Walaupun cara-cara tersebut bertentangan dengan peraturan. Jadi yang perlu menjadi perhatian semua pihak termasuk pemerintah, kepala sekolah, guru, siswa dan orang tua adalah bagaimana proses pendidikan itu berlangsung bukan cuma melihat hasilnya. Percuma nilai UN bagus dan lulus tapi hasil berbuat curang. Siswa tidak akan termotivasi untuk belajar, usaha guru dalam proses kegiatan belajar mengajar pun tidak terukur dan niat pemerintah untuk meningkatkan mutu pendidikan tidak akan pernah tercapai. Marilah kita jujur pada diri kita sendiri bagaimana pendidikan kita akan maju jika semua pihak ingin mendapatkan hasil yang baik tanpa mau berusaha dan bekerja. Hanya demi selembar kertas surat keterangan hasil ujian nasional (SKHUN) idealisme guru sebagai pendidik dikorbankan.

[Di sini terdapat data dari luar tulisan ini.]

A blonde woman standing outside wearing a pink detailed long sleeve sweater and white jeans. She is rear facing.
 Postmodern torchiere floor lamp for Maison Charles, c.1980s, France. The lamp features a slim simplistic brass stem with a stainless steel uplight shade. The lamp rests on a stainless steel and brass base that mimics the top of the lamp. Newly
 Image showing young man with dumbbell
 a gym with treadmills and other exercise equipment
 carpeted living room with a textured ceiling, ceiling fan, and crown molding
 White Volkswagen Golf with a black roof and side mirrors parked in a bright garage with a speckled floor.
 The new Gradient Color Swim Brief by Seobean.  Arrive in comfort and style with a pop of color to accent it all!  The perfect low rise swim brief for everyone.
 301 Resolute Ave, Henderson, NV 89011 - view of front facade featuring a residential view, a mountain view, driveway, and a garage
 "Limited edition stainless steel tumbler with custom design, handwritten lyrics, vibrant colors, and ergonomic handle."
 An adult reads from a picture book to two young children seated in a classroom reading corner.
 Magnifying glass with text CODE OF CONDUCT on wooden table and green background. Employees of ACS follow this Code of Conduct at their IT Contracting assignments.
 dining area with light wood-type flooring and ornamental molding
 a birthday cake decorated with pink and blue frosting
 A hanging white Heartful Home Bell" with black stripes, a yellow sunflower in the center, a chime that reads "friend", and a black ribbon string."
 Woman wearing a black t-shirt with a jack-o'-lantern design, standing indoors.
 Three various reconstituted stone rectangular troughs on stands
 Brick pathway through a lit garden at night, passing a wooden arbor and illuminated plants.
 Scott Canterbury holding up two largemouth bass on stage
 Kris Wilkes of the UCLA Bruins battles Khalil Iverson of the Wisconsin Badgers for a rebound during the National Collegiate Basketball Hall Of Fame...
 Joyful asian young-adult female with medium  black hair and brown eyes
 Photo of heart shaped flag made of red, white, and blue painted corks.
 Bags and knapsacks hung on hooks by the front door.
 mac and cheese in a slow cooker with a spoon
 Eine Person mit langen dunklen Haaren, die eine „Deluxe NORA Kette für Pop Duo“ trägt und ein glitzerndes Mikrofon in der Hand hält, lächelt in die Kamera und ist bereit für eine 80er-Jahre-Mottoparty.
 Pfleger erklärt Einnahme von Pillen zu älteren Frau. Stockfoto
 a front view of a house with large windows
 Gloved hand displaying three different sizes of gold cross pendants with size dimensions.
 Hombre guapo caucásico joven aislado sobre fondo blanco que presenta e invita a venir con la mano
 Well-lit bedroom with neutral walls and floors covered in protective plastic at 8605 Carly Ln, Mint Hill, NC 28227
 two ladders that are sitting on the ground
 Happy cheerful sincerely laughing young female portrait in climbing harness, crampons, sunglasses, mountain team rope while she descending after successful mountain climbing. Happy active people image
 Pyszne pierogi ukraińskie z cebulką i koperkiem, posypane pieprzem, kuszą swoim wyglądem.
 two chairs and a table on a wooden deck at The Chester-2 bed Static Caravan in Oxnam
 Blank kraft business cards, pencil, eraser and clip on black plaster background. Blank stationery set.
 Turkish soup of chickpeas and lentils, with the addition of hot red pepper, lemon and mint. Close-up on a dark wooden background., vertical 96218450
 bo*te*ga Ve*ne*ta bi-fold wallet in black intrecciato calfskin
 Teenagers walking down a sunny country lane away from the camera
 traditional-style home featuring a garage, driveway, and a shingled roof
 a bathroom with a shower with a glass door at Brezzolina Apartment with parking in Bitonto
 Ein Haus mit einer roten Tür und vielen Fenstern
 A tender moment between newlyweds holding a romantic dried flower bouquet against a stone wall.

Peran orangtua siswa juga tidak kalah penting dalam proses pendidikan. Orangtua seharusnya mampu memotivasi siswa untuk meraih apa yang mereka inginkan dengan belajar. Mereka jangan menyerahkan semua proses pendidikan anaknya ke sekolah karena sekolah hanyalah salah satu sarana memperoleh pendidikan.
Peningkatan mutu pendidikan adalah sebuah keharusan untuk mengejar ketertinggalan dari bangsa lain. Banyak hal yang harus dilakukan dimulai dari peningkatan sarana dan prasaran belajar, upgrading guru dengan sertifikasi, perbaikan kurikulum dan lain sebagainya. Tugas berat ini bukan hanya dibebankan kepada pemerintah saja tapi menjadi tugas kita bersama.

Hasil ujian nasional harus kita sikapi dengan bijaksana karena hasil ujian nasional bukanlah segalanya. Ujian nasional hanyalah salah satu proses pendidikan yang harus dilalui. Lulus ujian nasional bukan penentu keberhasilan hidup siswa. Setelah lulus sekolah, siswa akan masuk dalam sekolah yang lebih besar, sekolah kehidupan. Siapa yang bisa belajar di sana, mereka akan berhasil dalam hidupnya. Semoga.